▶ **TASK DETAILS**
Repeat every entry, word for word, leaving no line out.

▶ **AVAILABLE DATA**
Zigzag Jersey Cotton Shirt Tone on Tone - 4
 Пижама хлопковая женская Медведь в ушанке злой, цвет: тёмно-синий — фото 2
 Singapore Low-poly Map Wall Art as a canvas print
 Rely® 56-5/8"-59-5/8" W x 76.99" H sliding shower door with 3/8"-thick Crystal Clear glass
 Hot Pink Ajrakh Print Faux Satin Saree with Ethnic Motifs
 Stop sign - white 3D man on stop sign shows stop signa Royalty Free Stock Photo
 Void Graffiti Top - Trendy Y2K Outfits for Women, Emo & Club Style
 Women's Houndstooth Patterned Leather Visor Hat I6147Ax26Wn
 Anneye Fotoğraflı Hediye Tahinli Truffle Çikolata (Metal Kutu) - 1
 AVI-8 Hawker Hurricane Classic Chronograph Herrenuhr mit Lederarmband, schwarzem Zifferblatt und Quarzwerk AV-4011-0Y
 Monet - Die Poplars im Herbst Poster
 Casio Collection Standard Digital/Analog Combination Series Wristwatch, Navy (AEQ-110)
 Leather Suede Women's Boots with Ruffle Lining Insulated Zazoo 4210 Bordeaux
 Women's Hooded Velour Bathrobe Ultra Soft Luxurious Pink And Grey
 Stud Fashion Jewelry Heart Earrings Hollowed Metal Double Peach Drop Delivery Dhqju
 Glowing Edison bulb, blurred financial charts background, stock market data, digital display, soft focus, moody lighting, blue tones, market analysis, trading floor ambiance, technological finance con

▶ **TASK RESPONSE**
Zigzag Jersey Cotton Shirt Tone on Tone - 4
 Пижама хлопковая женская Медведь в ушанке злой, цвет: тёмно-синий — фото 2
 Singapore Low-poly Map Wall Art as a canvas print
 Rely® 56-5/8"-59-5/8" W x 76.99" H sliding shower door with 3/8"-thick Crystal Clear glass
 Hot Pink Ajrakh Print Faux Satin Saree with Ethnic Motifs
 Stop sign - white 3D man on stop sign shows stop signa Royalty Free Stock Photo
 Void Graffiti Top - Trendy Y2K Outfits for Women, Emo & Club Style
 Women's Houndstooth Patterned Leather Visor Hat I6147Ax26Wn
 Anneye Fotoğraflı Hediye Tahinli Truffle Çikolata (Metal Kutu) - 1
 AVI-8 Hawker Hurricane Classic Chronograph Herrenuhr mit Lederarmband, schwarzem Zifferblatt und Quarzwerk AV-4011-0Y
 Monet - Die Poplars im Herbst Poster
 Casio Collection Standard Digital/Analog Combination Series Wristwatch, Navy (AEQ-110)
 Leather Suede Women's Boots with Ruffle Lining Insulated Zazoo 4210 Bordeaux
 Women's Hooded Velour Bathrobe Ultra Soft Luxurious Pink And Grey
 Stud Fashion Jewelry Heart Earrings Hollowed Metal Double Peach Drop Delivery Dhqju
 Glowing Edison bulb, blurred financial charts background, stock market data, digital display, soft focus, moody lighting, blue tones, market analysis, trading floor ambiance, technological finance con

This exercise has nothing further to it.